Look to the Muscles of Ambulation

Rehabilitation Clinical Trials Center Harbor-UCLA Research and Education Institute Torrance, California

I just love physiologic research. I'll take it over evidence-based studies anytime. In this issue of AJRCCM (pp. 425–430), the article by Saey and coworkers (1) is a perfect case in point.

For years, we've struggled to understand how exercise training improves exercise tolerance in patients with severe chronic obstructive pulmonary disease (COPD). The evidence couldn't be any clearer that rehabilitative training improves exercise tolerance; a large number of randomized trials can now be cited. An evidence-based document (2) and a meta-analysis (3) have proclaimed it as a fact. Now along comes this small, cleverly designed study that doesn't even feature a training intervention. Yet it shines like a beacon in the darkness to illuminate the truth. We can now understand why a training intervention should be successful in most patients. The physiologic rationale for the practice of pulmonary rehabilitation is now rock solid.

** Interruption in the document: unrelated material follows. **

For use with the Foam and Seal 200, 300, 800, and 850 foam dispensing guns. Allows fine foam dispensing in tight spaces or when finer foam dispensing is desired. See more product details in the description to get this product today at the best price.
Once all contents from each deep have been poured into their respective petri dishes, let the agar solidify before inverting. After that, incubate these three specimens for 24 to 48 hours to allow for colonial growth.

It has been a long road. As recently as the late 1980s, exercise training was proclaimed to yield only psychological benefits (4); its main effect was to relieve unrealistic fears of dyspnea (5). Patients with severe disease were presumed to have a ventilatory limitation to exercise—that is, exercise was limited by intolerable dyspnea before the muscles of ambulation were stressed very much. A corollary of this theory was that improving function of the exercising muscle would be of no benefit. Besides, the thinking went, the ventilatory limitation precluded work rates capable of yielding the physiologic training effect necessary to improve muscle function. In other words, exercise above the critical training intensity was impossible.

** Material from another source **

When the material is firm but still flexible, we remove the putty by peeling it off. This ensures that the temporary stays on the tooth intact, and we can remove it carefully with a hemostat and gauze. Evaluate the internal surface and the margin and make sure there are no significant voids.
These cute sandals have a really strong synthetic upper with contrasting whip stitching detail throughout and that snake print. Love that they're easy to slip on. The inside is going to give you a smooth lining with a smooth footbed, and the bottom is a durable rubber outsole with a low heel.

It took a while to chip away at the precepts of this theory. Physiologically based studies with effort-independent outcome measures clearly demonstrated that a physiologic training effect could be achieved at work rates that these patients could sustain. Lower circulating lactate levels at a given level of exercise (6) and higher levels of aerobic enzymes in the trained muscles (7) were unmistakable proof of better muscle function. This is apparently possible because the muscles of ambulation of most patients with COPD function so poorly (because of deconditioning and perhaps because of a COPD-specific myopathy) (8) that the critical training intensity is extraordinarily low.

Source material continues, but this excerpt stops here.